# Naive Bayes

![Logo Tec de Monterrey](https://javier.rodriguez.org.mx/itesm/2014/tecnologico-de-monterrey-blue.png)

**Author**: Mario Ignacio Frias Piña  
**Assignment**: Advanced Artificial Intelligence for Data Science I  
**Teacher**: Dr. Esteban Castillo Juarez  
**Date**: September 8 2024

## Introduction

In this notebook, we explore the Naive Bayes algorithm, a fundamental machine learning model known for its simplicity and efficiency in text classification tasks.
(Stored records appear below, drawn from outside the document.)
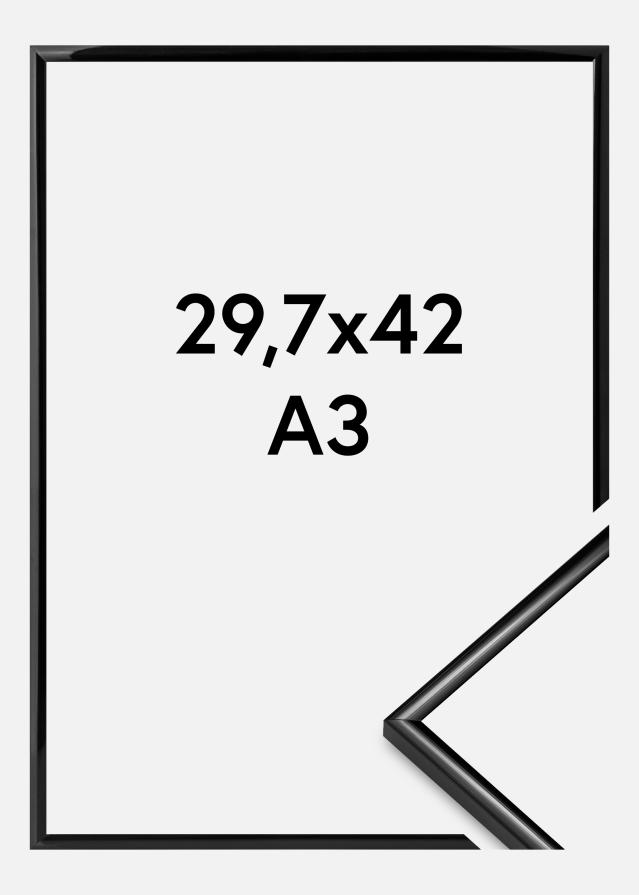 Rám Scandi Akrylové sklo (Plexisklo) Cierna 29,7x42 cm (A3)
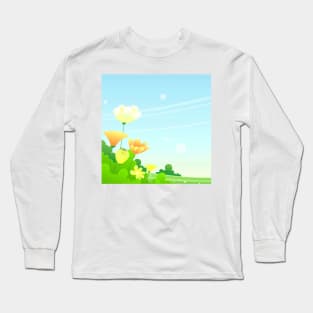 Yellow Flower Art Long Sleeve T-Shirt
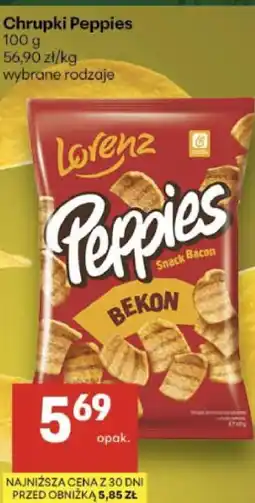 Delikatesy Centrum Chrupki Peppies Bekon oferta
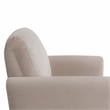 Studio Living Kensington Accent Chair in Taupe Velvet Fabric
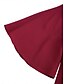 cheap Cocktail Dress-Women&#039;s Midi Dress Burgundy with Asymmetric Sequin Overlay Round Neckline V-Notch Detail Three-Quarter Length Split Sleeves Non-Stretch Elegant Evening Cocktail Party Knee-Length Various Sizes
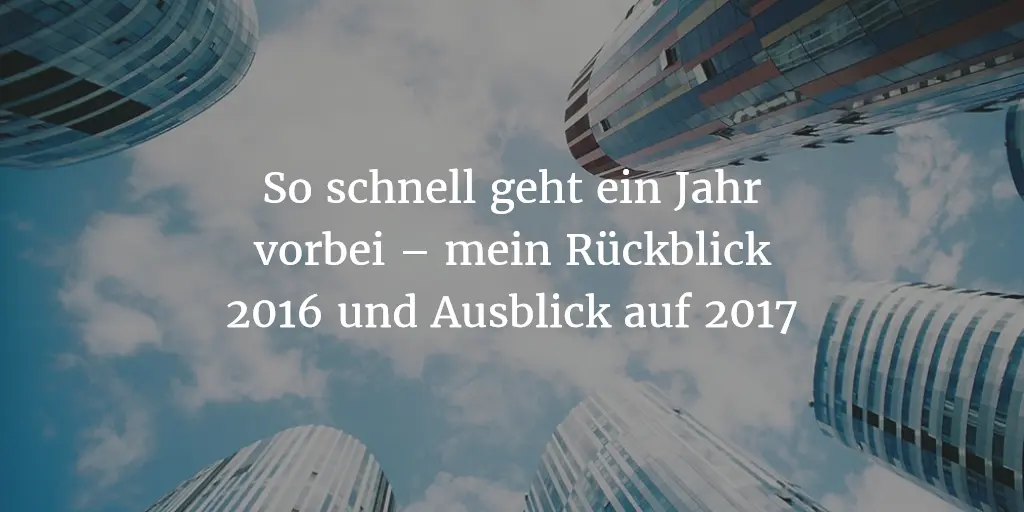Ausblick für 2017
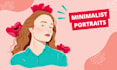draw a minimalist portrait based on your photo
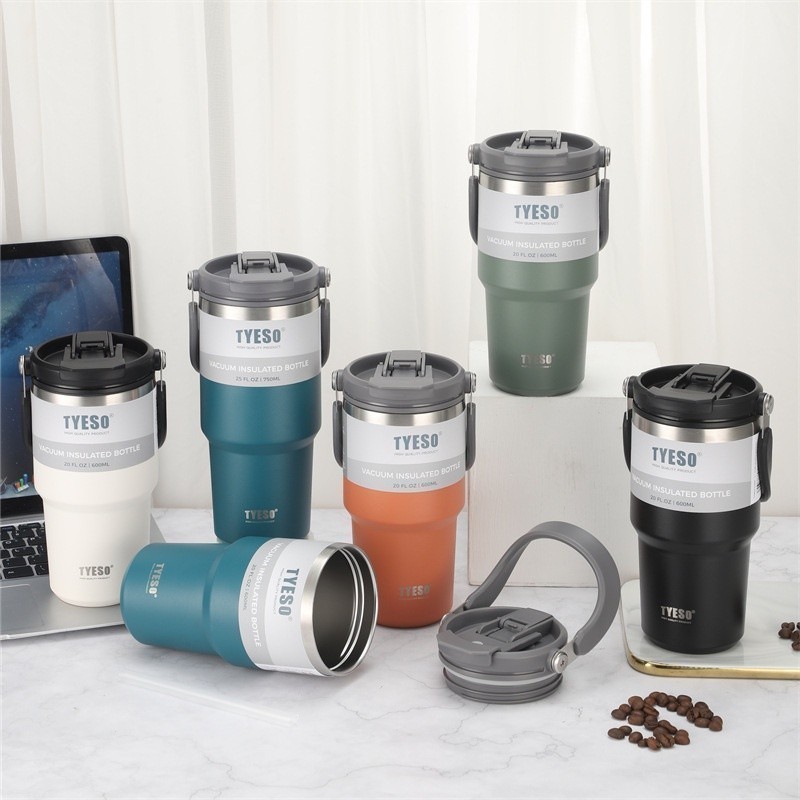 타이소 진공 텀블러 900ml 스테인레스 보온보냉 - 상품 이미지
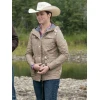 Alisha Newton Heartland Beige Cotton Jacket Alisha Newton Heartland Beige Cotton Jacket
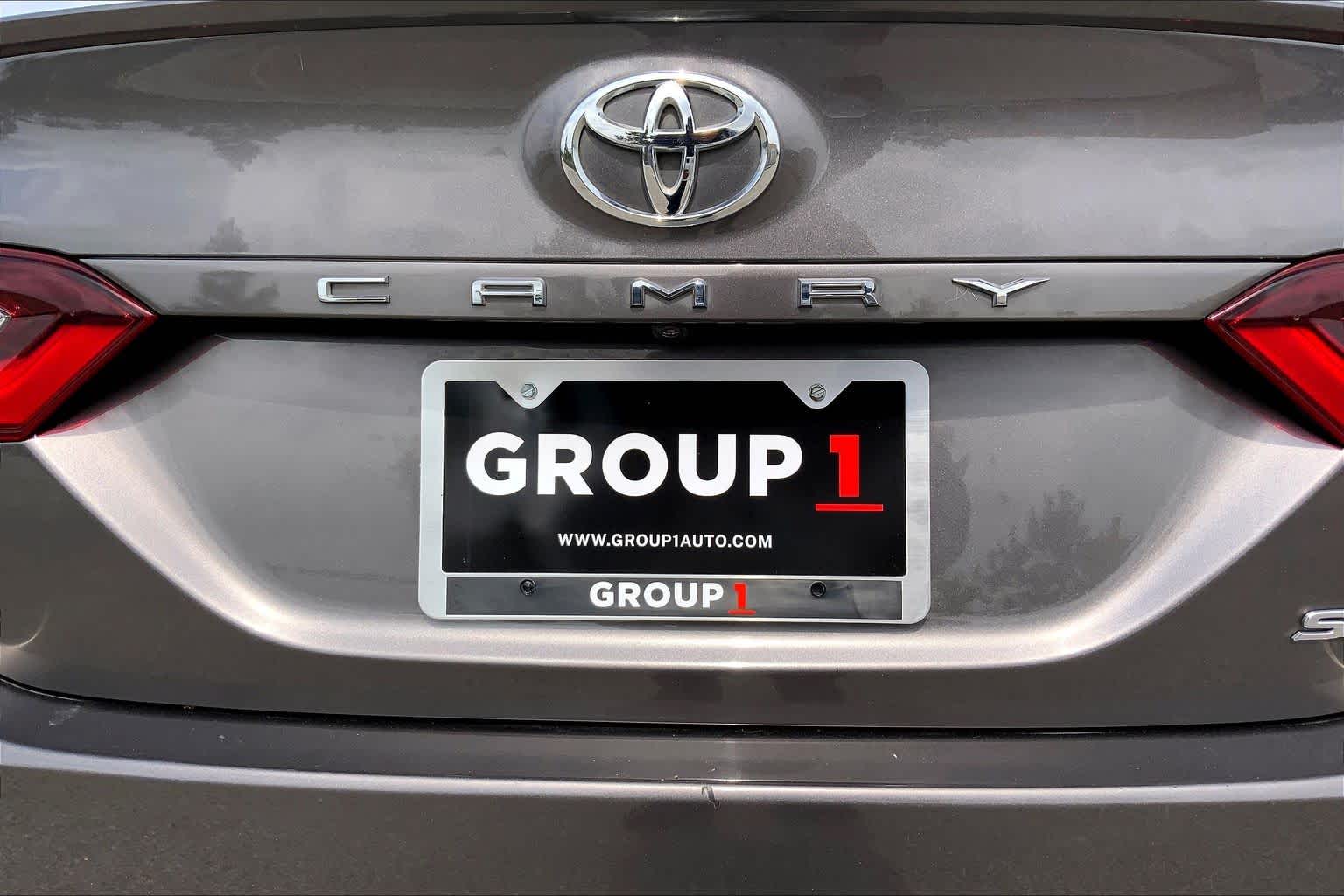 2024 Toyota Camry SE Predawn Gray Mica at Group 1 Toyota Southwest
Naive Bayes works on the assumption that the features are independent, which, while not always true in real-world data, leads to effective classification results in a wide range of applications, particularly in Natural Language Processing (NLP).

The project focuses on training a Naive Bayes model on a dataset, analyzing its performance, and applying various strategies such as feature selection, rebalancing, and handling stopwords to enhance the model's accuracy. Through this exploration, we aim to understand the strengths and limitations of Naive Bayes in text classification scenarios.

## Experimentation

### Naive Bayes Algorithm

The Naive Bayes algorithm is a probabilistic classification technique based on Bayes' Theorem. It assumes that the features in a dataset are conditionally independent given the class label, which simplifies the computation of the posterior probability for classification. Despite this "naive" assumption of feature independence, the algorithm performs well in many practical applications, particularly in text classification and spam detection.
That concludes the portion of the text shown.